If some other guy... we'll call him "Jim", has 5 transactions, and 4 of them have a card and one signs up, Jim has a 0.20% sign up rate relative to his total transactions.
Now, if I look at your percentages, I see that you're at 9.5%, and Jim is at 20%.... so even though you've been working harder, and have had more people using their membership cards, and you've signed up 60 times as many cards as Jim... you come across as a guy who hasn't been working hard enough. Why can't you be at 20% like Jim? Are you incompetent? Surely when you've got 634 customers, you can sign up more than 60, right?
Well no... you can't sign up a guy who already has a card. It's out of your control, but it's held against you just the same. Unfairly.
Now... in a situation where you're judged according to your eligible transactions... Let's say you sign up 40 people out of 80 who don't have a card. That's 50%. Even if you had 600 transactions in that week, if you've managed to have 520 of them already with a card, you should only be judged according to the number of eligible transactions... which are the 80 where a person started out without a card.
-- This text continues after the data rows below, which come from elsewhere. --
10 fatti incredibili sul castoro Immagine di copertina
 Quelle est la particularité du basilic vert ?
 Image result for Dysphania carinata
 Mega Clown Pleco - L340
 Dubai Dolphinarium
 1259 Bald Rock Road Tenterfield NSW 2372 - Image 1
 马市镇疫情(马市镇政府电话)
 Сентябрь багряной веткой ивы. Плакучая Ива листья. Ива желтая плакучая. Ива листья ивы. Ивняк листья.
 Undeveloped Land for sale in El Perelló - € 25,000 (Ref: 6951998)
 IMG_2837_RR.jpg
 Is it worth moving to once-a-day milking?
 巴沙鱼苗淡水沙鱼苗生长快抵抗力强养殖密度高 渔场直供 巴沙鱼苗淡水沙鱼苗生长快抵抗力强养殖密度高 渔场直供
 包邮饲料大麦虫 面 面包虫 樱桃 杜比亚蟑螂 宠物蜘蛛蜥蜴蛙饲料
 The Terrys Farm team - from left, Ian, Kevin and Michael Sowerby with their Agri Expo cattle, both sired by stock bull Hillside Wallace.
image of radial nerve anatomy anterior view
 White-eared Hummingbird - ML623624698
That way it can be said, relative to the number of eligible transactions, you've signed up 50%.
What's being measured is your ability to sell something to someone who doesn't have that thing already. It would be absolutely meaningless to judge your ability to sell something to someone you can't possibly sell to.
Back to the topic at hand. It would be absolutely meaningless to judge the tendency of this country to execute black people disproportionately compared to the total number of people, many of which are ineligible to be executed. You're only eligible if you're on death row. You can't execute someone who isn't on death row. The country's use of a punishment is measured by its tendency to fairly apply a punishment to someone who is eligible to receive it.
So... telling me that those executed is disproportionate to the population as a whole is like telling me 60 sign ups are inadequate in relation to my total transactions. It's meaningless. Tell me how I did in regards to eligible transactions.
How many black people are being executed relative to their population on death row?
Given a higher rate of conviction, which you so repetitively pointed out to me... and their lower rate of execution... something you've also pointed out to me... it would seem that the application of the death penalty has been far more favorable to blacks than to whites.